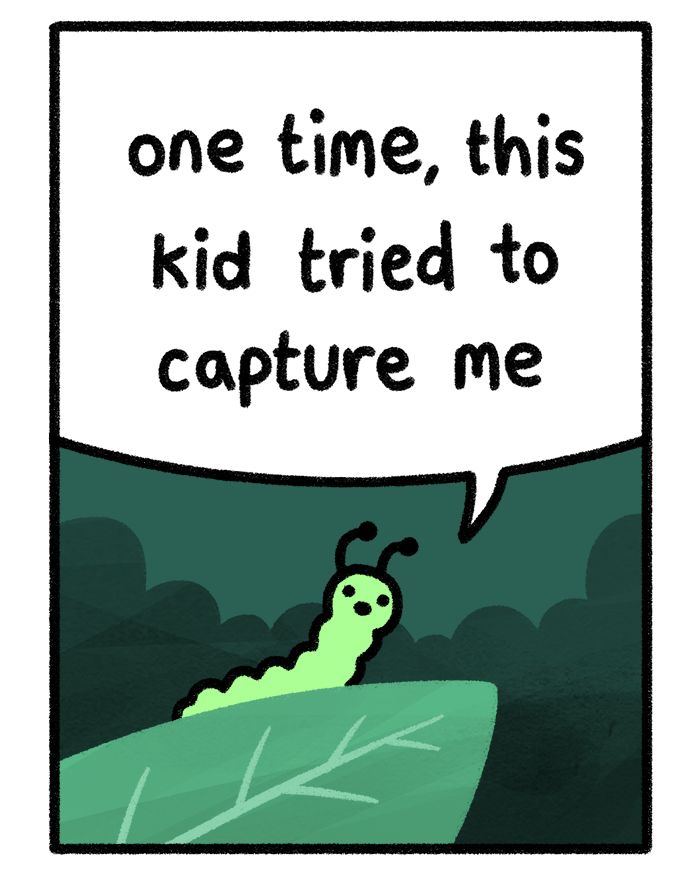 Safely Endangered Chapter 281 page 2 - Chapter 281
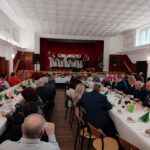 W Kosinie wybrano najsmaczniejszą oponkę (zdjęcia) - Polskie Radio Rzeszów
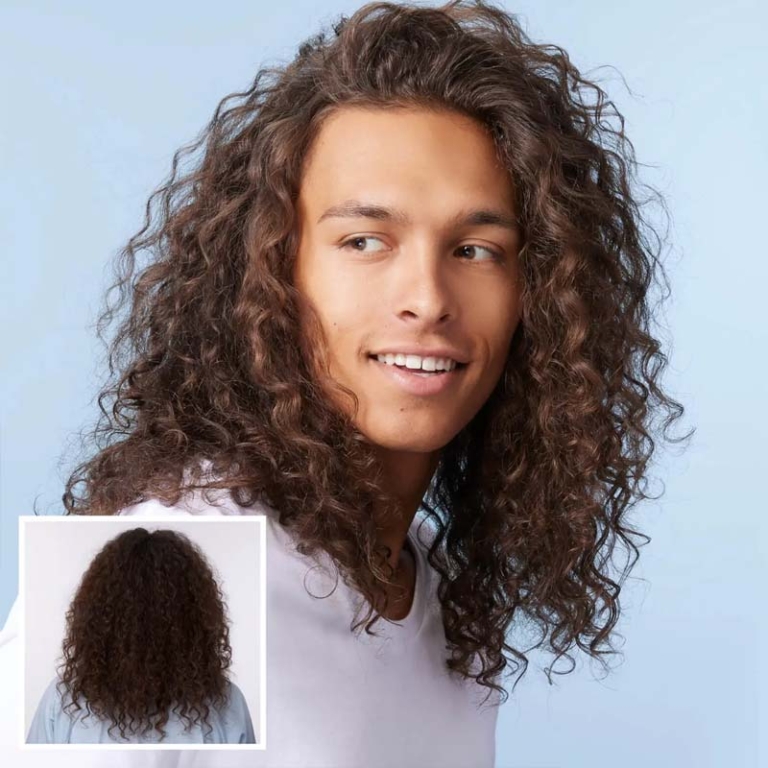 Buy Olaplex 4C Olaplex Shampoo Free 48H Delivery UK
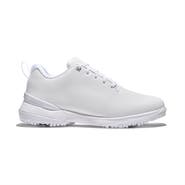 SQAIRZ ProS2 LT Men's Golf Shoe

WHAT THE EXERCISE ASKS: Omit the pictures, then set down all the remaining data exactly as given.

ANSWER BELOW:
 Safely Endangered Chapter 281 page 2 - Chapter 281
 W Kosinie wybrano najsmaczniejszą oponkę (zdjęcia) - Polskie Radio Rzeszów
 Buy Olaplex 4C Olaplex Shampoo Free 48H Delivery UK
 SQAIRZ ProS2 LT Men's Golf Shoe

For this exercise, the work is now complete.